Architecture for a JavaScript to C compiler

Architecture for a JavaScript to C compiler(timr.co)

90 points by timruffles 7 years ago | 45 comments

snek 7 years ago |

I don't understand why people keep making js-to-native compilers. the result is always less performance that what modern js engines can do to the original source code, because all those runtime behaviours the author mentions build up really fast. js engines actually run the code and figure out the types and such to create highly optimized machine code.

nicoburns 7 years ago | |

Yeah, the JS runtimes are really impressive. I'd be interested to see what a compiler could do with TypeScript though. There could perhaps be guidelines of which features you can use in hot code paths in order to get optimised code, which could be enforced by the compiler for sections of the code which you mark...

tjelen 7 years ago | | |

I think that the AssemblyScript project is halfway there. It compiles a stricter subset of Typescript to webassembly format, which can be then translated to CPU-specific machine code.
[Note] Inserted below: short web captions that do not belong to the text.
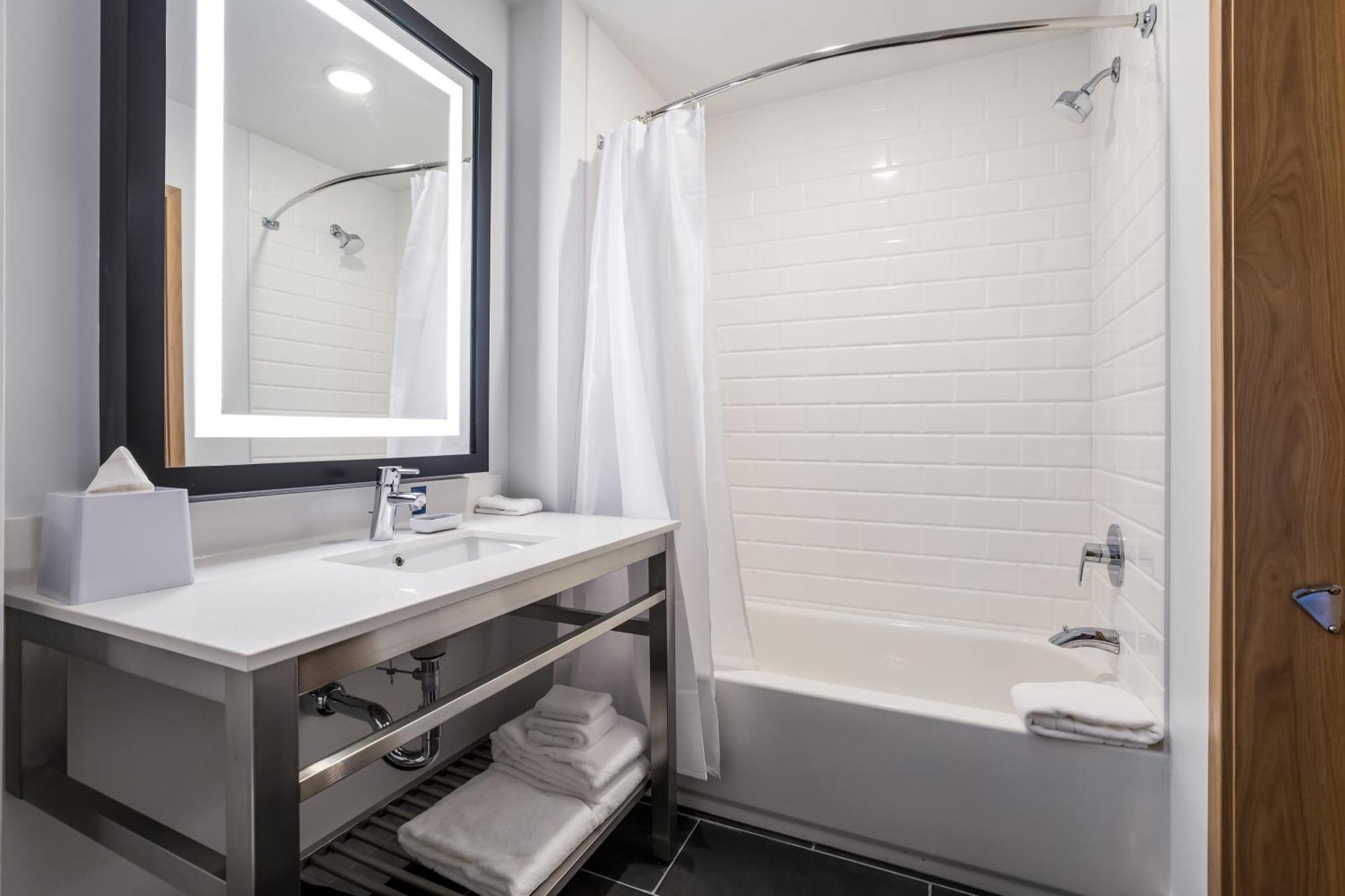 Four Points By Sheraton Elkhart Εξωτερικό φωτογραφία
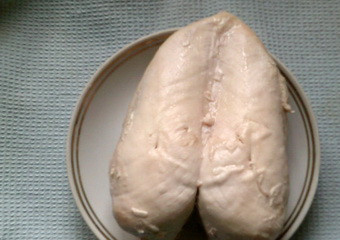 1. Этап. Новогодний салат Шишка: Отварить куриное филе и мелко порезать.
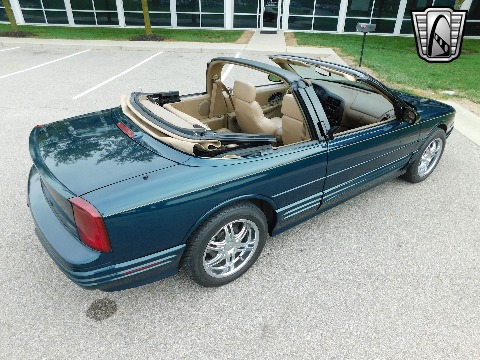1995 Oldsmobile Cutlass image 15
masklinn 7 years ago | | |

> Yeah, the JS runtimes are really impressive. I'd be interested to see what a compiler could do with TypeScript though.

You can probably just compare AOT and JIT Java or C# implementations and get something of an upper bound.

Actual improvements will likely depend on your use case: for short-running programs the overhead of the parsing, JIT machinery & interpretation might dwarf the execution time so even a straightforward compilation full of virtual calls will edge out the pre-JIT interpreter, however for longer-running programs the JIT should be able to devirtualise, inline and optimise the code much better than the AOT compiler will.

Inlining is the most important optimisation, and it's hard to AOT inline dynamic dispatch.

chrisseaton 7 years ago | | |

I would imagine JS JITs can determine more specific types at runtime than you can express in TypeScript source code.

ridiculous_fish 7 years ago | |

Modern JS engines rely on tracing JITs to achieve good performance. These optimizations only kick in once code has executed multiple times.

But a lot of JS code executes only once, such as layout code running at app launch. Heck, lots of JS code executes zero times. This code still imposes a cost (parsing, etc).

Consider the complaints about app launch time of Electron apps. A static compiler can be more effective at the runs-once or runs-zero cases.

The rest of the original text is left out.